(DATA SUPPLIED)
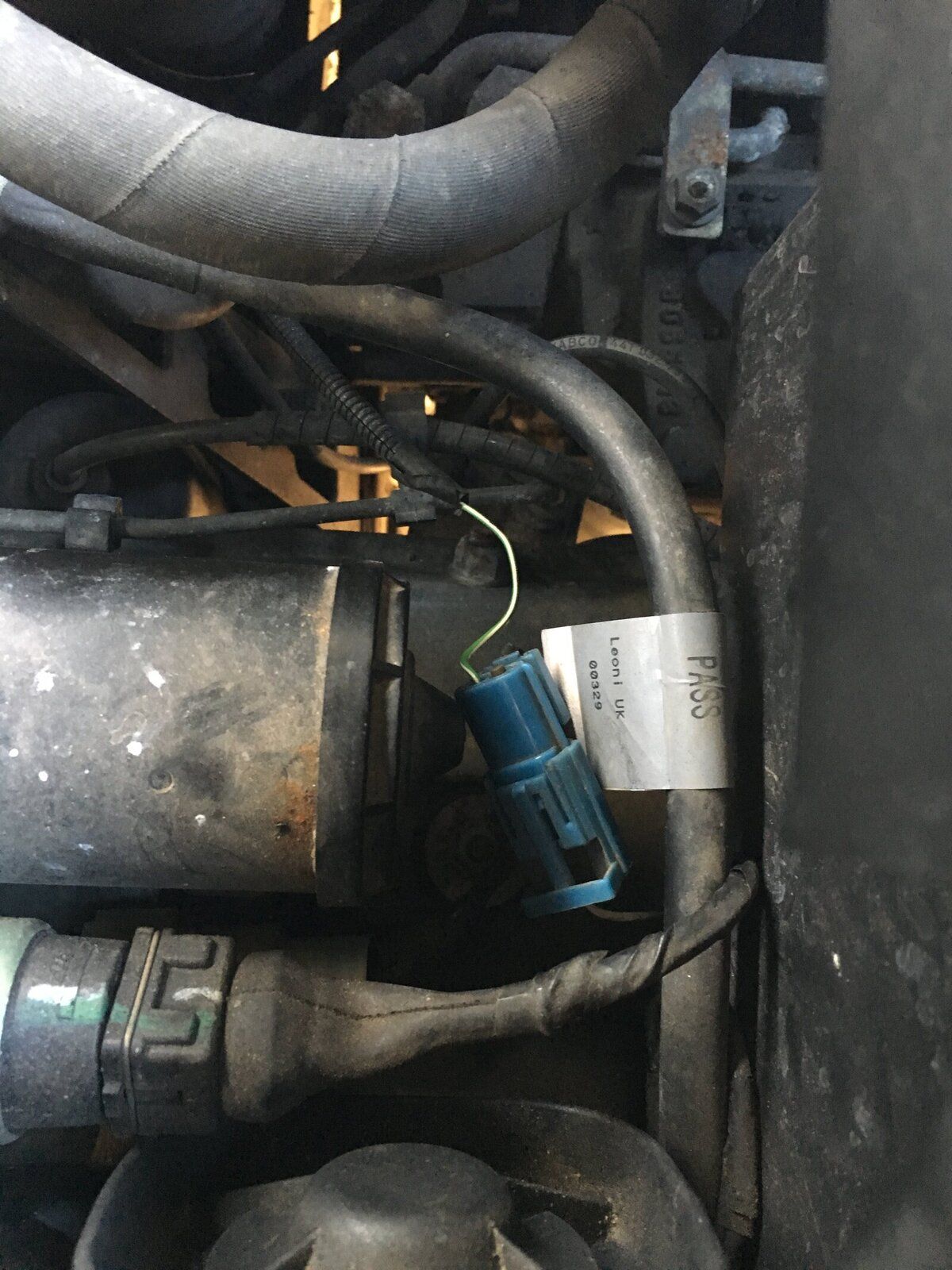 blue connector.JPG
(End DATA SUPPLIED)
(DATA SUPPLIED)
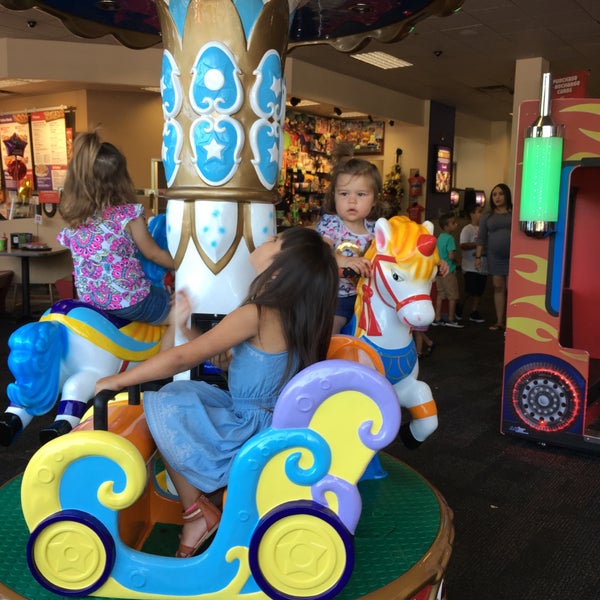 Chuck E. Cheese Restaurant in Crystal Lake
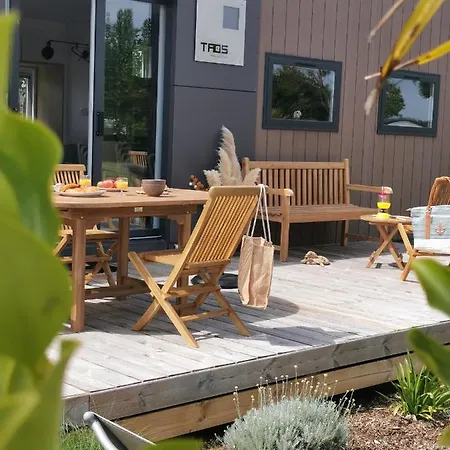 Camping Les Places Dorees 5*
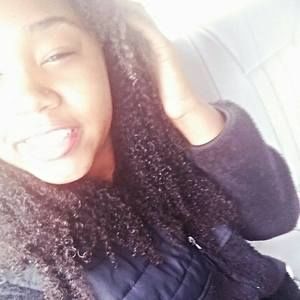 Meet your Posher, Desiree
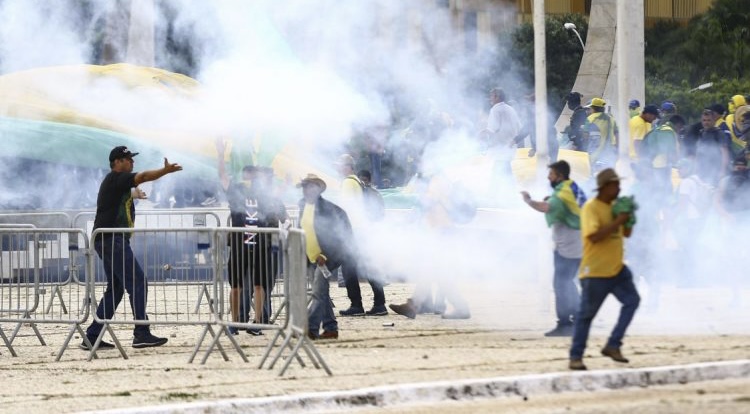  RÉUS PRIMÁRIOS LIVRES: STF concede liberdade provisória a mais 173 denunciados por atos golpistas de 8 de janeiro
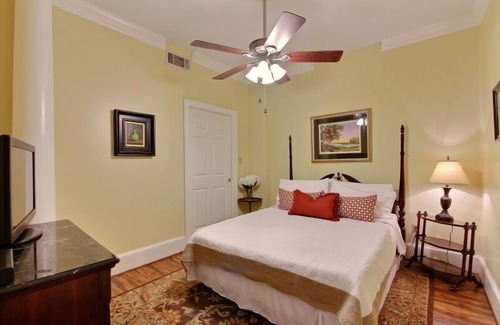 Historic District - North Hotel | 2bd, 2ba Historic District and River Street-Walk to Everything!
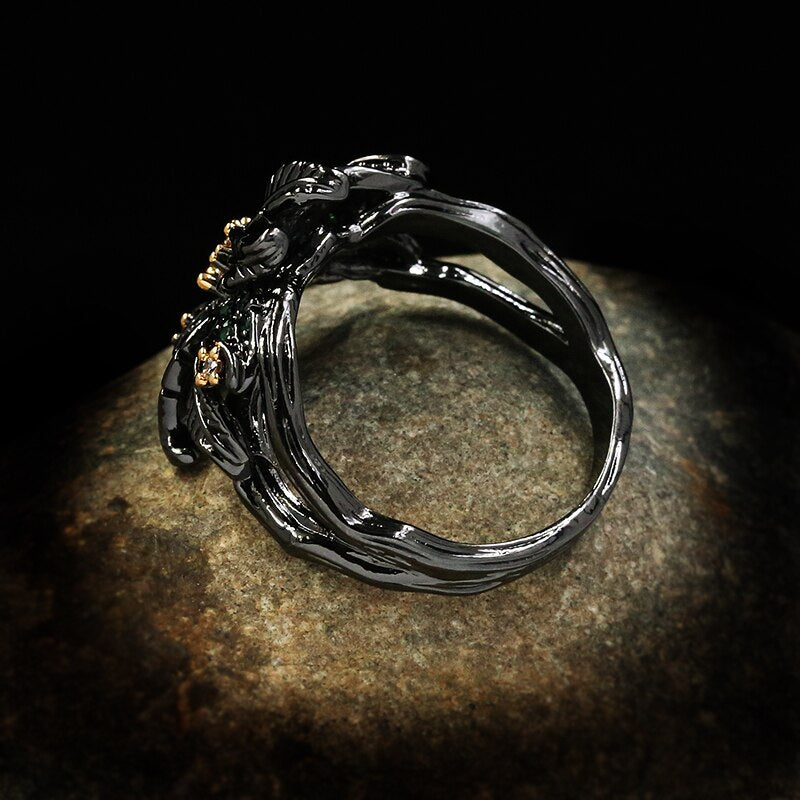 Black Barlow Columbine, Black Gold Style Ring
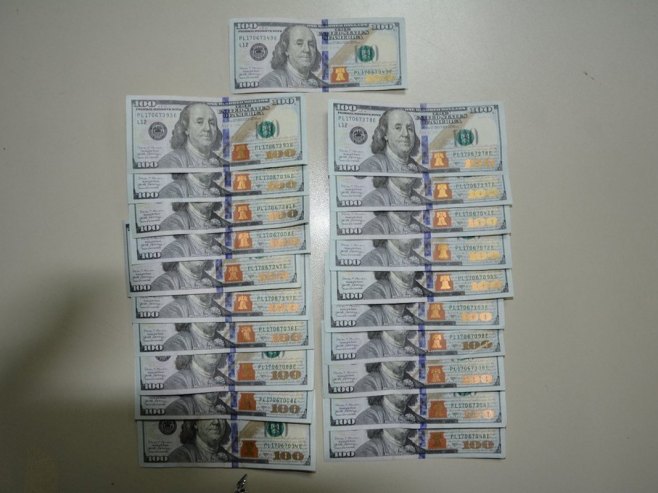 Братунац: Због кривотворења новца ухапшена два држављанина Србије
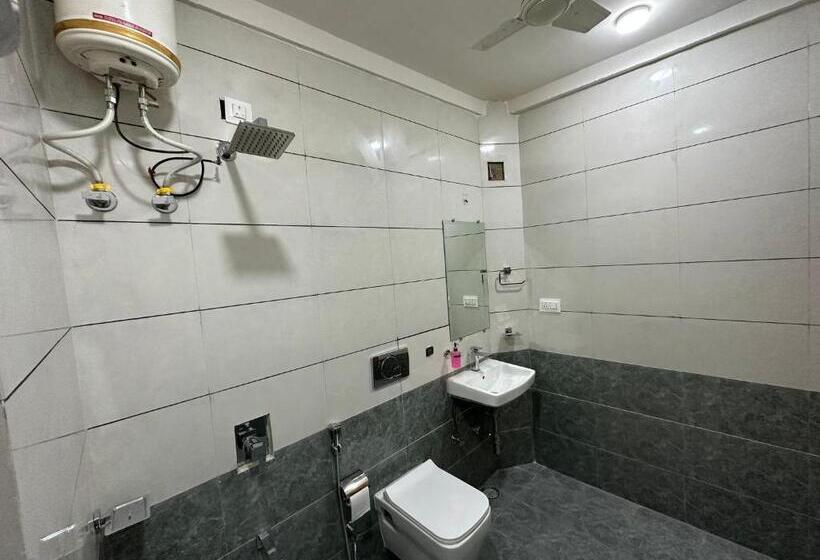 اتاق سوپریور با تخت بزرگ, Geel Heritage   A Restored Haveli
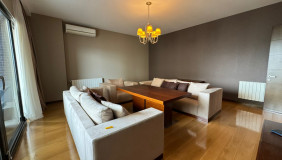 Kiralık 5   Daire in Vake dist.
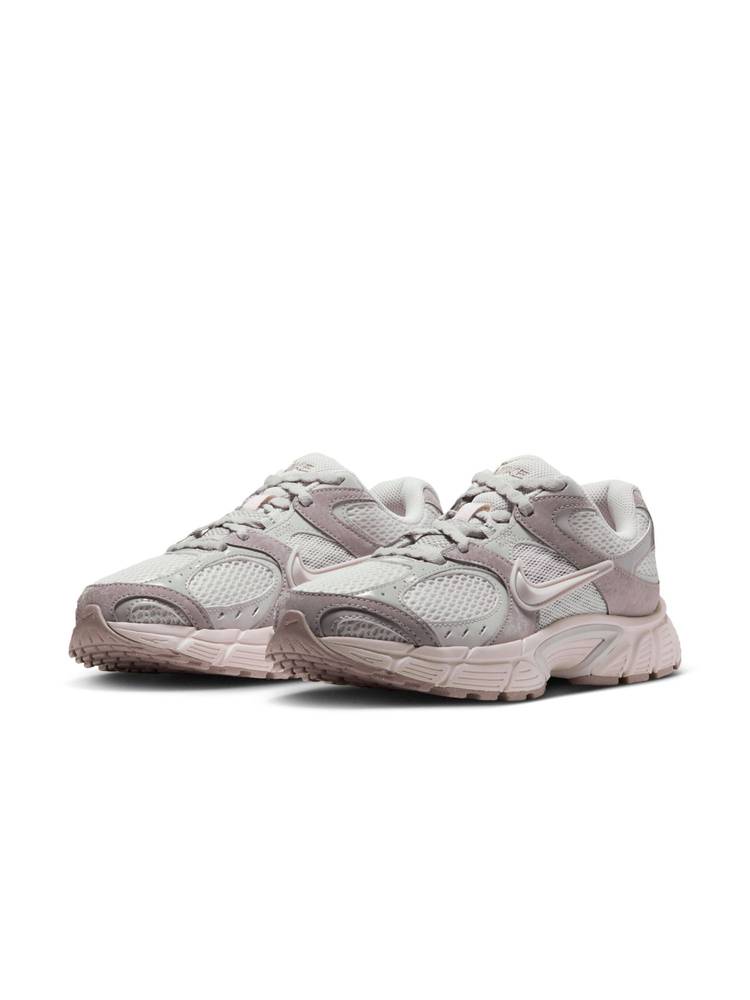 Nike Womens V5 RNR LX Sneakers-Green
(End DATA SUPPLIED)
** WHAT YOU HAVE TO DO **
Within the listing above, find the line containing "Camping Les Places Dorees 5*" and the line containing "Nike Womens V5 RNR LX Sneakers-Green". Transcribe them and everything between them exactly, leaving out the pictures.

** REPLY TO THE TASK **
 Camping Les Places Dorees 5*
 Meet your Posher, Desiree
  RÉUS PRIMÁRIOS LIVRES: STF concede liberdade provisória a mais 173 denunciados por atos golpistas de 8 de janeiro
 Historic District - North Hotel | 2bd, 2ba Historic District and River Street-Walk to Everything!
 Black Barlow Columbine, Black Gold Style Ring
 Братунац: Због кривотворења новца ухапшена два држављанина Србије
 اتاق سوپریور با تخت بزرگ, Geel Heritage   A Restored Haveli
 Kiralık 5   Daire in Vake dist.
 Nike Womens V5 RNR LX Sneakers-Green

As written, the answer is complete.